The long list of names which we have just heard is the family tree of the Lord Jesus. This line of ancestors shows us how God has prepared a human family into which his Son will be born. 42 generations became part of that long preparation for the coming of the Savior. Truly, this is history in a glance and simply looking at the names does not do justice to the entire story. It is only when we read the Bible that we shall appreciate the fact that every name in this list brings with it a unique and unrepeatable story. Each story might seem to be unrelated to the other and yet, when the names are listed in a genealogy, suddenly it dawns upon us that these stories tend toward the same goal: the birth of the Promised One. The entire family tree moves towards Jesus, the Son of Mary, the one who is called the Christ.

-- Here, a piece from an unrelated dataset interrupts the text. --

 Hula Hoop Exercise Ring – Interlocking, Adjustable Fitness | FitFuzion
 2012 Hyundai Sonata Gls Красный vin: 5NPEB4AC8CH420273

However, the story of this family does not end with Christ. It is true that Jesus never got married and never begot children of his own flesh. The irony of this is that it is Jesus who expands the family and brings to fulfillment the Divine promise to Abraham that he shall have descendants as numerous as the stars in the heavens and as the grains of sand on the shore of the sea. How did our Lord expand this family? He did it by changing the manner of affiliation into this family. Before he came, the affiliation was by relationship of blood. A person enters into this family by birth to a legitimate member of this family. But the Lord Jesus changed this. In his new family, which is the Church, affiliation is by relationship of faith. A person enters into this family of Christ no longer by physical birth but rather by the Sacrament of Baptism, a birth by water and the Holy Spirit. The Church, the new family of Christ, the family begotten not by flesh but by the Holy Spirit, continues to our day and even beyond our days into the end of time, the story of this family of Abraham and the family of David. As in the Old Testament, the ancestors of Jesus pressed forward to bring the plan of salvation to fulfillment, so today, in the New dispensation, the Church, the spiritual family of Christ, “like a stranger in a foreign land, presses forward amid the persecutions of the world and the consolations of God, announcing the cross and death of the Lord comes (cf. 1 Cor 11:26). But by the power of the risen Christ, it is given strength to overcome, in patience and in love, its sorrows and difficulties…so that it may reveal in the world, faithfully, although with shadows, the mystery of the Lord until, in the end, it shall be manifested in full light (Lumen Gentium, 8.)” (Benedict XVI, Porta Fidei, 6.)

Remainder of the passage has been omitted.